#### Problem to solve:
Search the listing below for the line with "#2 photo, 252", then write out that line and every one after it exactly, without the pictures.

#### Raw data:
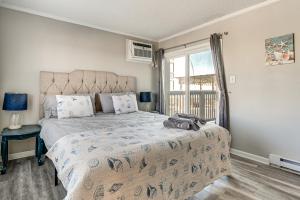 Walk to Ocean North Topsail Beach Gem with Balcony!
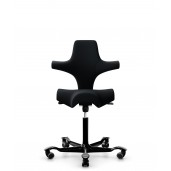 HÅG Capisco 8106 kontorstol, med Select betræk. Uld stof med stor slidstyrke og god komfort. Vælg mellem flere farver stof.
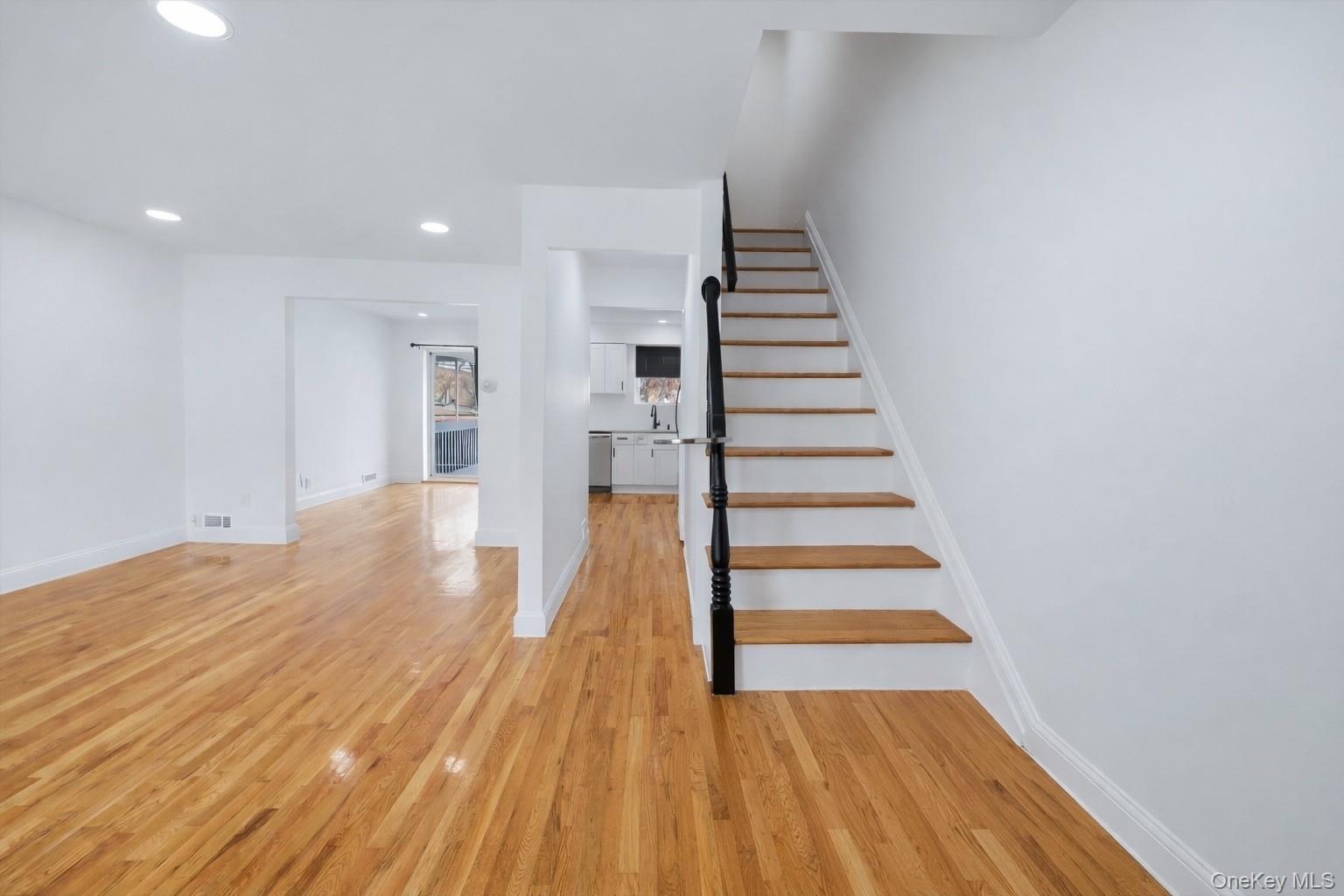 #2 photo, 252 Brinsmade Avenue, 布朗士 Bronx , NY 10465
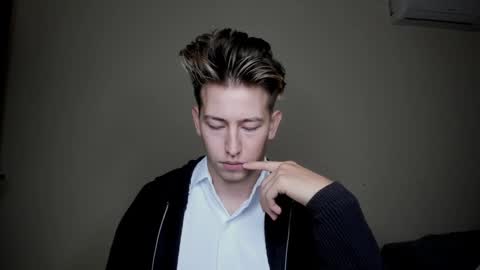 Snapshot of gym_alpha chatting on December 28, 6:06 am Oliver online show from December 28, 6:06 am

#### Solution to the exercise:
 #2 photo, 252 Brinsmade Avenue, 布朗士 Bronx , NY 10465
 Snapshot of gym_alpha chatting on December 28, 6:06 am Oliver online show from December 28, 6:06 am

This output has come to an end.